Ey bazı; anne ve babalar, bilim insanları, din insanları, politikacılar, gazeteciler, yazarlar, iletişim, örgütlenme, demokrasi, adalet, güvenlik ve çağdaş eğitimle ilgili çözümler üreteceğinize, yalan, iftira, hakaret ve tehditlerinizle çocuklarımıza neler öğretmeye çalışıyor, onlara nasıl örnek! oluyorsunuz, farkında mısınız?

Sizlerin varlığına ve ürettiğiniz çağdışı, insanlık dışı şiddet çeşitlerine karşın, Dünyayı yeryüzündeki cennet haline getirecekler, yine de bugünkü ve gelecekte doğacakların içinden çıkacak sevgi dolu kahraman çocuklar olacaktır.

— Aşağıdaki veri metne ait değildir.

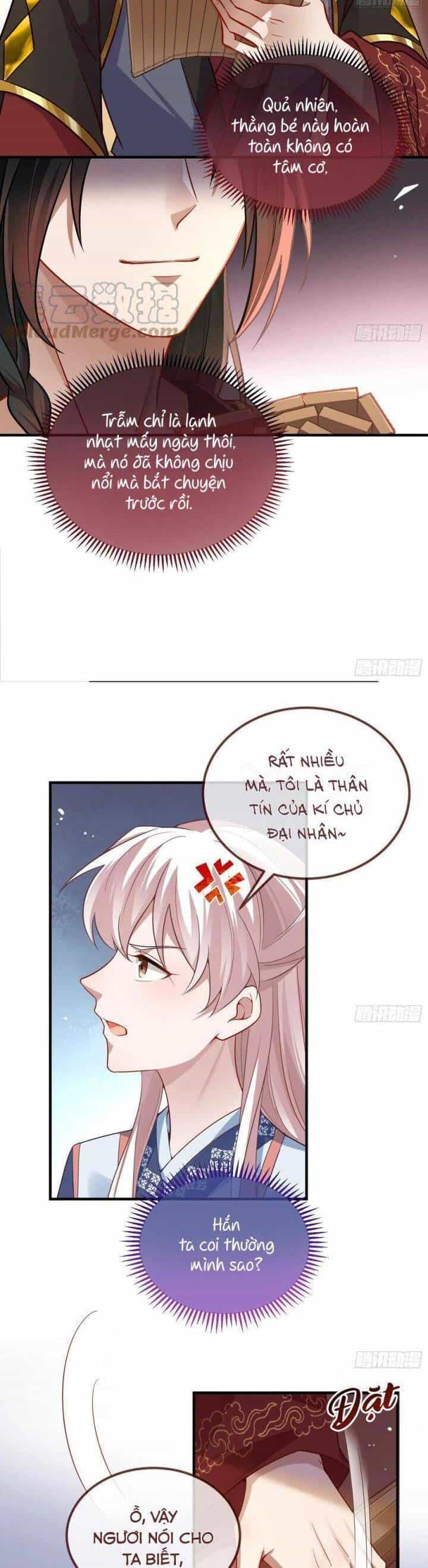 Vạn Tra Triêu Hoàng - Chương 608 - ảnh 8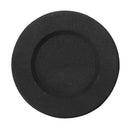 Round Barn Door Flush Pull Handle for Gate Kitchen Furniture Cabinet Closet
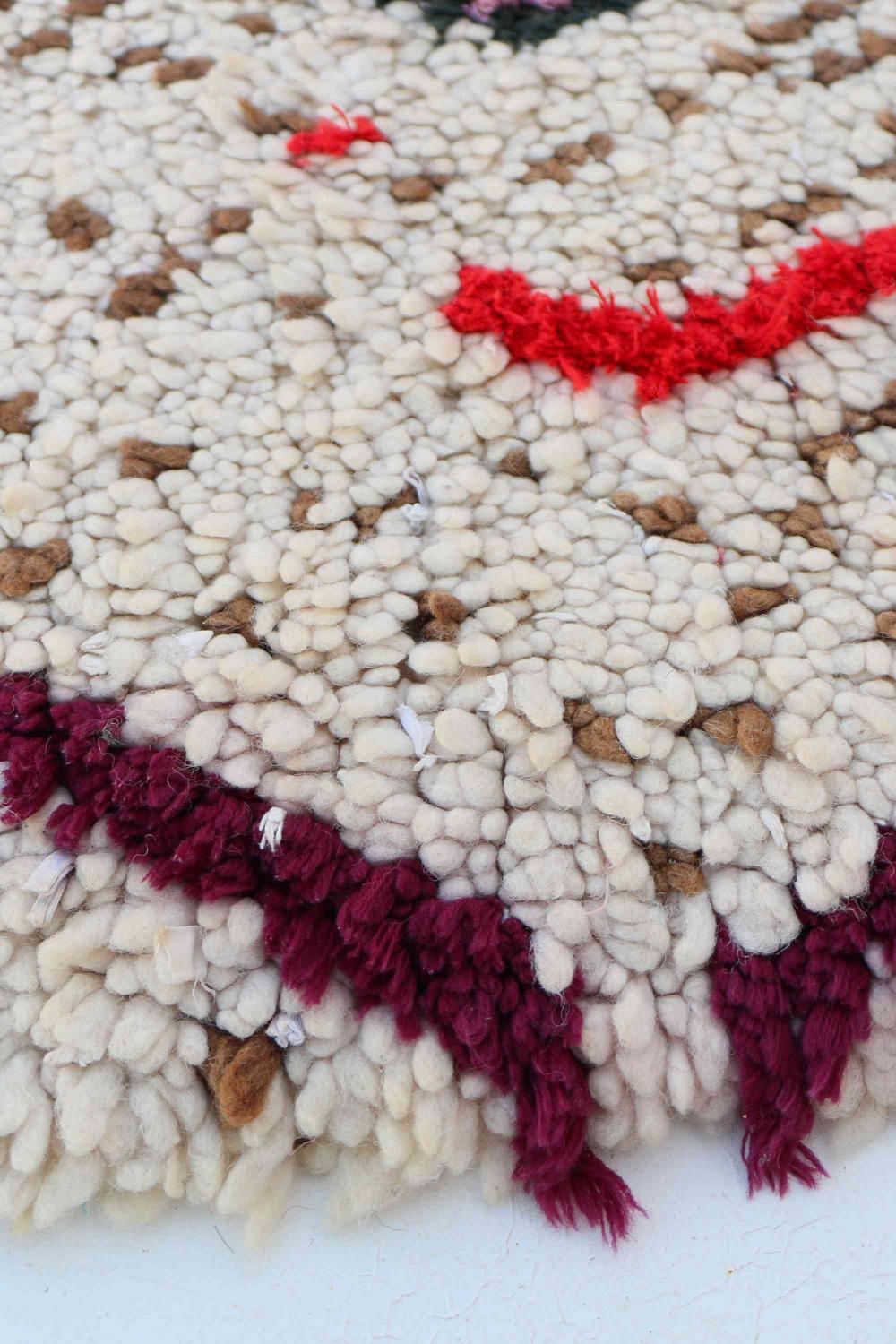 Vintage Azilal 187.00 cm x 86.00 cm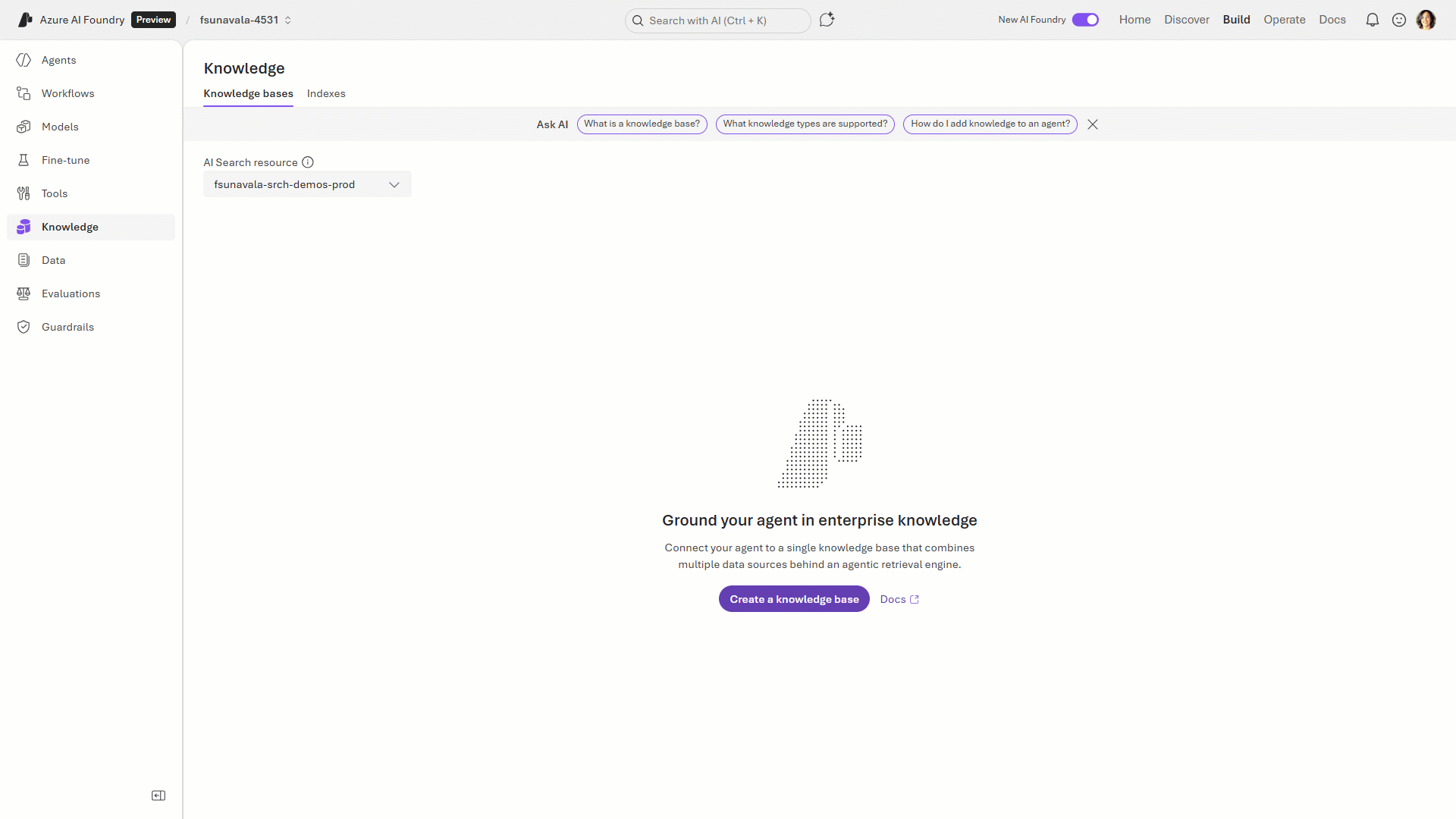 WHAT IS FABRIC IQ PREVIEW visual data 8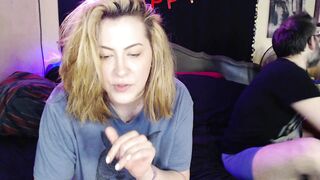 Watch foxymalloryknoxy69 Top Porn Leak Video [Chaturbate] - new, bigass, natural, milf, hairypussy
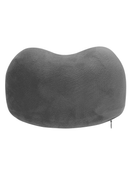 Travel cushion on the neck Dr. Bacty - gray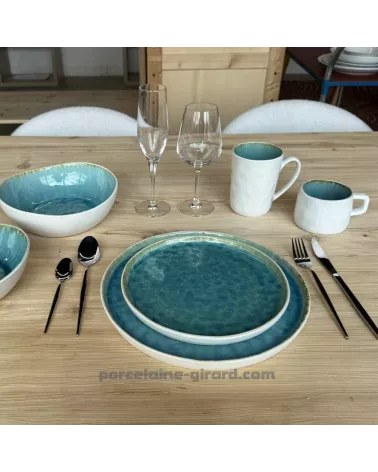 ASSIETTE PLATE LIZZY 27CM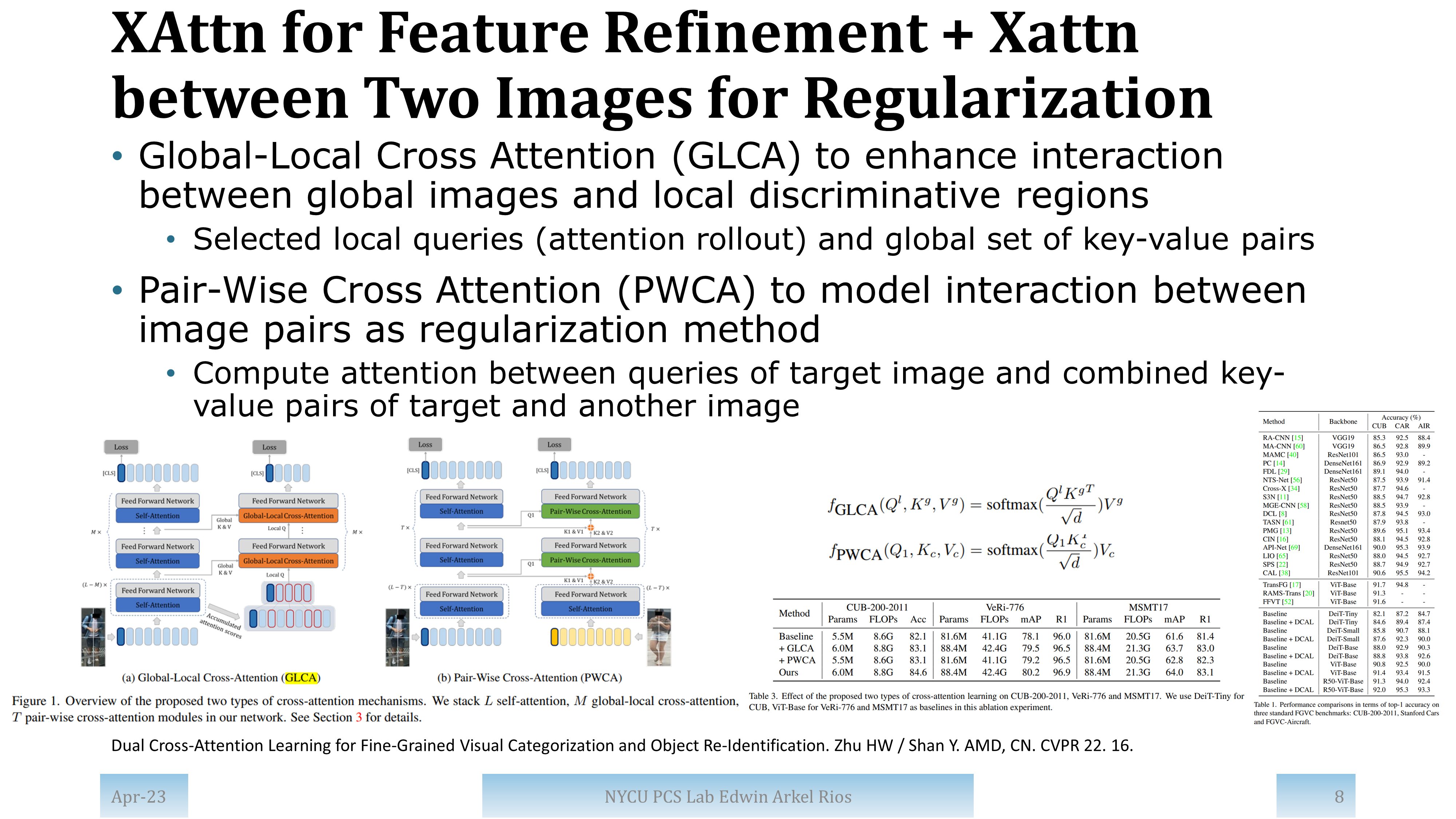 Slide for paper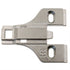 Amerock Fast-Clip 0mm Face Frame Mounting Plate For Concealed Hinge 3200-B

İşiniz çok zor sevgili çocuklar, ancak kahramanlar çok zor günlerde, süreçlerde, ülkelerde çıkar.

Bugünün ve doğmayı bekleyen, sonralarda doğacak, Dünyayı, silahsız ve şiddetsiz yöntemlerle cennet yapacak çocuklara, çocukların demokratik ortamlarda örgütlenmelerine, yönetim, yürütme, denetleme ve değerlendirme süreçlerine katılmalarını sağlayacaklara, onları doğuracak annelere, babalara, yetişmelerine katkı verecek öğretmenlere, eğitmenlere, aile büyüklerine, politikacılara, gazetecilere, yazarlara, sanatçılara, sporculara selam olsun.

Şimdiden, insana, hayvana, çevreye, doğaya şiddetin olmadığı, silahların bulunmadığı yeryüzündeki cennete selam olsun.